First preliminary point. I have often suggested prayer not only for priests but for bishops. The Enemy of our souls hates priests, and hates bishops even more. Their burdens are very heavy and their mistakes can have grave consequences. They too have to cope with the world, the flesh and the devil, but their Judgement will be particular indeed.

Second. Some time ago, I wrote about the stir created by Archbishop Michael Sheehan of Santa Fe.  He issued a pastoral letter on cohabitation which stated Catholic truth in clear terms.  Fishwrap whined that he was being a meeeeanie.  Far meaner would have been for the Archbishop to have said nothing and left his soul and the souls of his flock in danger on this point.

Third.  St.
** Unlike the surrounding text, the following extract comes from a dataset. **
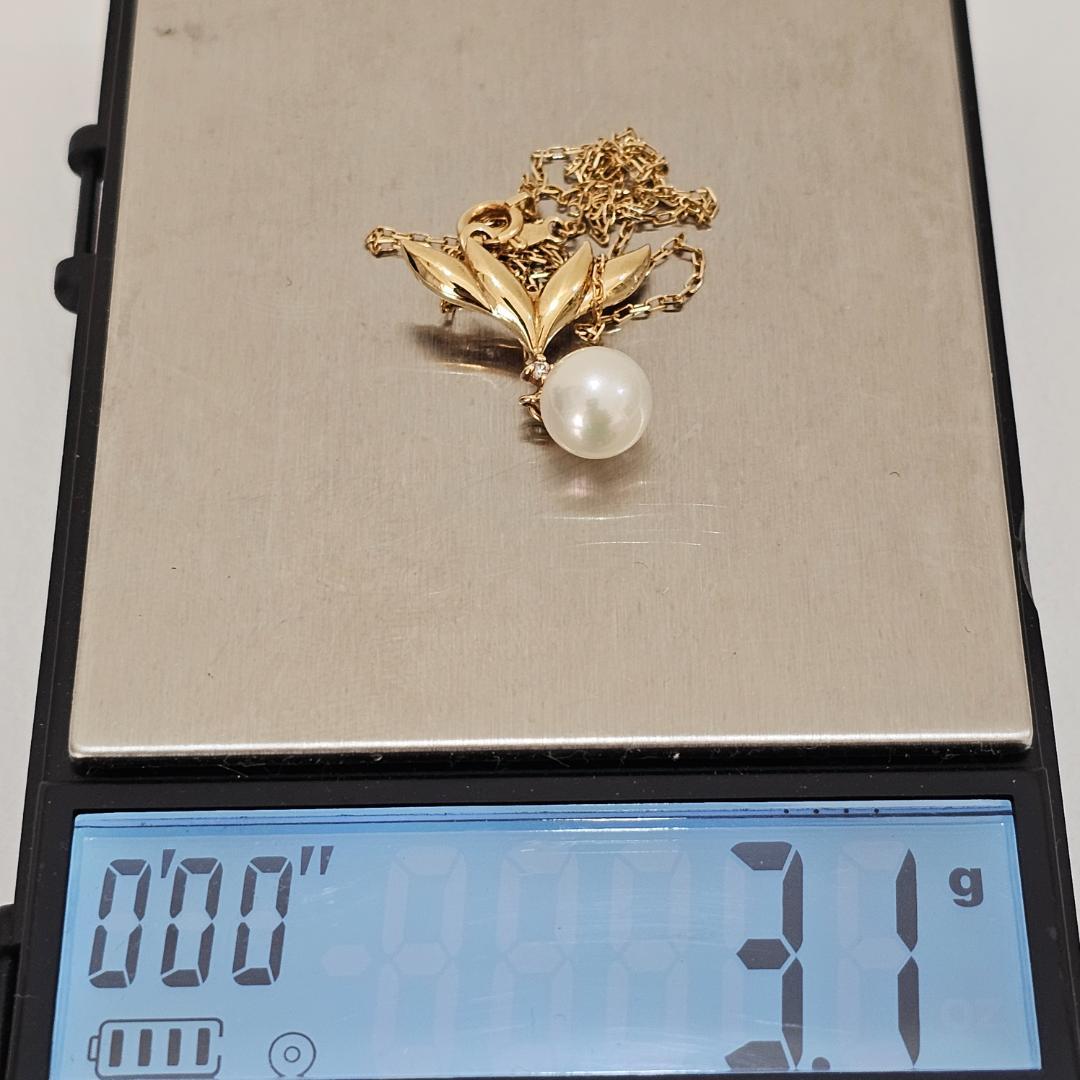 Micimoto pearl diamond necklace in 18K yellow gold with 40cm chain and 7.7mm pearl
Augustine once addressed a stern message to his flock (s. 17).  He was conscious that he was being stern.  He said… and we have his words because he had swift-writing stenographers recording him…

“So I tell you, I am saving my soul.  I shall be in a position, not of great danger but of certain ruin, if I have kept quiet.  But when I have spoken and carried out my office, it will be for you now to take notice of your danger.  What, after all, do I want?  What do I desire?  What am I longing for?  Why am I speaking? Why am I sitting here?  What do I live for, if not with this intention that we should all live together with Christ?  That is my desire, that’s my honor, that’s my most treasured possession, that’s my joy, that’s my pride and glory.  But if you don’t listen to me and yet I have not kept quiet, then I will save my soul.  But I don’t want to be saved without you.”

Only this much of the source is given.